Once flowscan is up and running with ASNFile configured, it will reload the file if its timestamp indicates that it has been modified.


METHODS

This module provides no public methods. It is a report module meant only for use by flowscan. Please see the FlowScan module documentation for information on how to write a FlowScan report module.


SEE ALSO

perl(1), FlowScan, CampusIO, SubNetIO, flowscan(1), Net::Patricia.


BUGS

See CampusIO.pm bugs.


AUTHOR


Dave Plonka <plonka@doit.wisc.edu>
Stanislav Sinyagin <ssinyagin@yahoo.com>

Copyright (C) 1998-2001  Dave Plonka.
Copyright (C) 2002 Cablecom GmbH

This program source is based on CampusIO.pm. It was developed by the order of Cablecom GmbH (www.cablecom.ch).

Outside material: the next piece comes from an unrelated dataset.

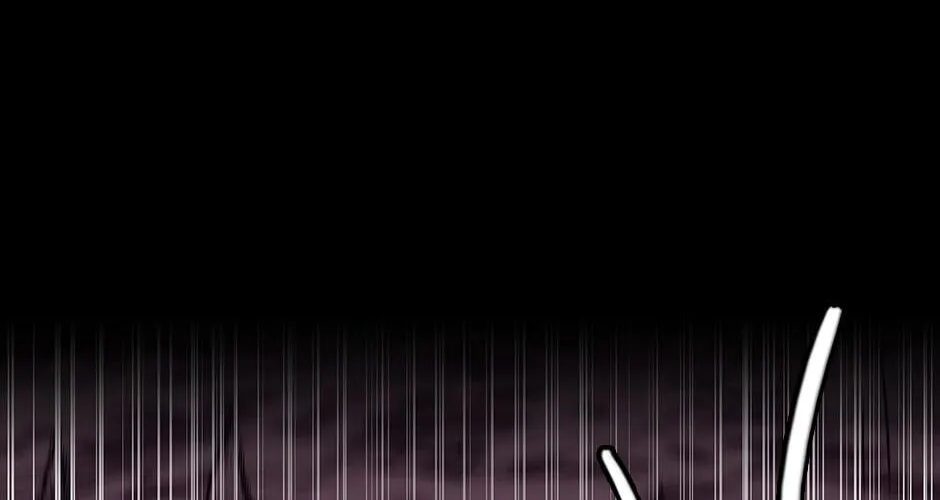 Read The Beginning After the End chapter 71 image 7 on Lezhin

This program is free software; you can redistribute it and/or modify it under the terms of the GNU General Public License as published by the Free Software Foundation; either version 2 of the License, or (at your option) any later version.


VERSION

The version number is the module file RCS revision number ($Revision: 1.6 $) with the minor number printed right justified with leading zeroes to 3 decimal places. For instance, RCS revision 1.1 would yield a package version number of 1.001.

This is so that revision 1.10 (which is version 1.010), for example, will test greater than revision 1.2 (which is version 1.002) when you want to require a minimum version of this module.